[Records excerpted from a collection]
━━━━━━━━

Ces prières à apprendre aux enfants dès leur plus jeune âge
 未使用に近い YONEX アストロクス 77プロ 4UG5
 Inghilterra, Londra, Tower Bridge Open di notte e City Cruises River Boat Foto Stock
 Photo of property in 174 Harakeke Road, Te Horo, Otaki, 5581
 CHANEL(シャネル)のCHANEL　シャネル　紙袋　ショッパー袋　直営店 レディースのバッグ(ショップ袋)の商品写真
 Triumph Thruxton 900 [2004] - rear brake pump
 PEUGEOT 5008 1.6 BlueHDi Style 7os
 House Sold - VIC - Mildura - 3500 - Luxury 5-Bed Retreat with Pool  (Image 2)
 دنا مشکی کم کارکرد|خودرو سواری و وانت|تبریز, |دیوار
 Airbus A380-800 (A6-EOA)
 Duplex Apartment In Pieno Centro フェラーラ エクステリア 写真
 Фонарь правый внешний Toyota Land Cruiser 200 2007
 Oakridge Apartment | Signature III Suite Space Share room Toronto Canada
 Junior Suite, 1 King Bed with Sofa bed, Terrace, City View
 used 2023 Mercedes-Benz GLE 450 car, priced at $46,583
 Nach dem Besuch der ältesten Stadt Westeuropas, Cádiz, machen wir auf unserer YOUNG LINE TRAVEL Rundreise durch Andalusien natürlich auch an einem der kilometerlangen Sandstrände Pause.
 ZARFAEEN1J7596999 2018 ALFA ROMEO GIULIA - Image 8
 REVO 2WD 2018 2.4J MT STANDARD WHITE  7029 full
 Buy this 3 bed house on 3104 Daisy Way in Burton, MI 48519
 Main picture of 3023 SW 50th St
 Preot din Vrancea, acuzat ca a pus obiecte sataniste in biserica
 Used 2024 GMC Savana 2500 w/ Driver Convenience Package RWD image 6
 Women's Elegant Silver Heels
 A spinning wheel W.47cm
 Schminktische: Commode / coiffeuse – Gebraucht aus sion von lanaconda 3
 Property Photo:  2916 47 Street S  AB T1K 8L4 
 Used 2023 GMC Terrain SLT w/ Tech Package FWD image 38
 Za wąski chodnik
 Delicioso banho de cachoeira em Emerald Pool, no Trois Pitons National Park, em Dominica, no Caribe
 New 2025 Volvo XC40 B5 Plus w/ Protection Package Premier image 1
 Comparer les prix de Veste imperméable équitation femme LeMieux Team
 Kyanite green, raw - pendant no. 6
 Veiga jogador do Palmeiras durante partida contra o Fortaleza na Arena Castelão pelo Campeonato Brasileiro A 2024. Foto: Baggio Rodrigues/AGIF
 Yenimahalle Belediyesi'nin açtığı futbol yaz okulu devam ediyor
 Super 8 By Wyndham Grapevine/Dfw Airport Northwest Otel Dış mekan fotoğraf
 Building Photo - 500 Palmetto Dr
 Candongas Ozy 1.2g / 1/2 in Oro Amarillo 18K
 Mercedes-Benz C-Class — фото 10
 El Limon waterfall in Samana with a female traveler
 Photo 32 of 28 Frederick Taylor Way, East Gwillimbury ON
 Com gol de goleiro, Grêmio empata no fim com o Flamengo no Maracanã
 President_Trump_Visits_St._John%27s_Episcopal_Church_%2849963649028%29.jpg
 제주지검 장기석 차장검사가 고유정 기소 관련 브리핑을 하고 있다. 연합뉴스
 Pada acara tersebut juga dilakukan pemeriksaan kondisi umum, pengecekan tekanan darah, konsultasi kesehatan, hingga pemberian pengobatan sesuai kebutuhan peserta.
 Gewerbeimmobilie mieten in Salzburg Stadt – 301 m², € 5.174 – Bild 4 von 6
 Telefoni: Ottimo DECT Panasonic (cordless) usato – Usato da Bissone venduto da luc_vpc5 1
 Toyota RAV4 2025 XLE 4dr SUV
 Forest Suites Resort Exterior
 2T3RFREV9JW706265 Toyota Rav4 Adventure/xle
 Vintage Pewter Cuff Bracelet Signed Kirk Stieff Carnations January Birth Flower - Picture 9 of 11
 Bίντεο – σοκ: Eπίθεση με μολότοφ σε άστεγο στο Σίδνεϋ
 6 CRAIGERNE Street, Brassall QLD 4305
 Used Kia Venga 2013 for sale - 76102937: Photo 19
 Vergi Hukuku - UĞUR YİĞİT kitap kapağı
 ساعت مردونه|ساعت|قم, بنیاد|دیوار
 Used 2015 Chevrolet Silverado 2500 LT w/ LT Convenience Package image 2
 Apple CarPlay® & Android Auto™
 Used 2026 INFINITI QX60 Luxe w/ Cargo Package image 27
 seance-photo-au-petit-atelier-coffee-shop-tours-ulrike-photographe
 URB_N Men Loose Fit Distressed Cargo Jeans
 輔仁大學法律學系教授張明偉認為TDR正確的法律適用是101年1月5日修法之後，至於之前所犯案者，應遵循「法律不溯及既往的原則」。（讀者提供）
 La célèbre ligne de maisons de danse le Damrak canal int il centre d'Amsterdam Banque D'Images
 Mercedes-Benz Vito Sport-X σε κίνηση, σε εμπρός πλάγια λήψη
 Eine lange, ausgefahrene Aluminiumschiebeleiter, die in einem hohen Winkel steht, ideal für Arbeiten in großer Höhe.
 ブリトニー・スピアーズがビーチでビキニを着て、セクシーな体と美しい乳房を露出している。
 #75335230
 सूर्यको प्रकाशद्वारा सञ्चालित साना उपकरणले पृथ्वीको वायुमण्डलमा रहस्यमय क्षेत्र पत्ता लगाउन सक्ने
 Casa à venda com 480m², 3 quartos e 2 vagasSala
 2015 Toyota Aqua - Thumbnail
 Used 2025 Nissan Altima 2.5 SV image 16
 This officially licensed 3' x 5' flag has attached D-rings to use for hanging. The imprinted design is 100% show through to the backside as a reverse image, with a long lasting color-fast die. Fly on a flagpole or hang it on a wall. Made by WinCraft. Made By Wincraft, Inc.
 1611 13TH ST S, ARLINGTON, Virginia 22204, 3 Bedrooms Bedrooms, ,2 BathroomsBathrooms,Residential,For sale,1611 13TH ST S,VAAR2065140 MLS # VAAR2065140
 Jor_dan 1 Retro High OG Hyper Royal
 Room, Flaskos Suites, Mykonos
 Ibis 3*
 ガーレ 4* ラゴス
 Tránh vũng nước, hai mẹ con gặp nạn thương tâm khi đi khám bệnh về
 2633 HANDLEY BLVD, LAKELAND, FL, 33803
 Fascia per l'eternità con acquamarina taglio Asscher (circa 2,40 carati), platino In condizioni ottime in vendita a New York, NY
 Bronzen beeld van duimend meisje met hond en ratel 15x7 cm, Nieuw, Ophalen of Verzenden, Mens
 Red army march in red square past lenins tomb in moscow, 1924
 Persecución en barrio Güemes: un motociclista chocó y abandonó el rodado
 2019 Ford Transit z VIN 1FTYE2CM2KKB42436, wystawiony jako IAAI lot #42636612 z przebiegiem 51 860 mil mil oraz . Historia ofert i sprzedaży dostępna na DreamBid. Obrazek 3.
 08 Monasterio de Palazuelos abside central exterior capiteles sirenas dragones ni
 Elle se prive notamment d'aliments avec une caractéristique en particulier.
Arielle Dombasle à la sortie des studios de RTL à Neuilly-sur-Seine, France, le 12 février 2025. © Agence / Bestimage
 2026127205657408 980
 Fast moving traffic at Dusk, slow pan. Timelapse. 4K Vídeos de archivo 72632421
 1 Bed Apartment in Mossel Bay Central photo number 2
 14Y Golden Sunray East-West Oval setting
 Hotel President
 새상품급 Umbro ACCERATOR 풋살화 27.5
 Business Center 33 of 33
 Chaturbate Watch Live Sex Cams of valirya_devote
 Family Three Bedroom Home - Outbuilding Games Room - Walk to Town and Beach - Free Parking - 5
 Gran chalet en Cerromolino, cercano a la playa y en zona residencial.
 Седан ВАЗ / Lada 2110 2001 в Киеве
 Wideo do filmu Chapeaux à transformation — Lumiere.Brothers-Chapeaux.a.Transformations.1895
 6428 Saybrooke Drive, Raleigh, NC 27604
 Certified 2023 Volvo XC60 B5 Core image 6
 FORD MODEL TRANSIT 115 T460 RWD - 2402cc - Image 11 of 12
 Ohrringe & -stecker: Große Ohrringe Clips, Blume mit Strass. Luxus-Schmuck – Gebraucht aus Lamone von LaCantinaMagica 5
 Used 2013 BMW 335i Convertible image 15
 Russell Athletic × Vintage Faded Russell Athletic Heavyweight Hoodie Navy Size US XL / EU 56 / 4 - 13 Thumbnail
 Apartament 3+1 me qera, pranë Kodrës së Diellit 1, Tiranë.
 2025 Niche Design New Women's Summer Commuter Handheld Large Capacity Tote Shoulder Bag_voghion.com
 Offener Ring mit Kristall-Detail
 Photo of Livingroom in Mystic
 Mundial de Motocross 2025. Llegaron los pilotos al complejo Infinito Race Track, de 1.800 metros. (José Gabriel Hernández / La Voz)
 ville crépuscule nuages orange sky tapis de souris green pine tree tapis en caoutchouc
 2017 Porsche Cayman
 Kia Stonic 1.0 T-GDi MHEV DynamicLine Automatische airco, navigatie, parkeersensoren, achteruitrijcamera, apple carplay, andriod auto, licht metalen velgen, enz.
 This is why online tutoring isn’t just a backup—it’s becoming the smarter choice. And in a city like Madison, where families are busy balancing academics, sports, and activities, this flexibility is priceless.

━━━━━━━━

* **AIM OF THE EXERCISE**
Go through the data, and copy each line in which the word "Cargo" appears.

* **OUTPUT FOR THIS EXERCISE**
 Used 2026 INFINITI QX60 Luxe w/ Cargo Package image 27
 URB_N Men Loose Fit Distressed Cargo Jeans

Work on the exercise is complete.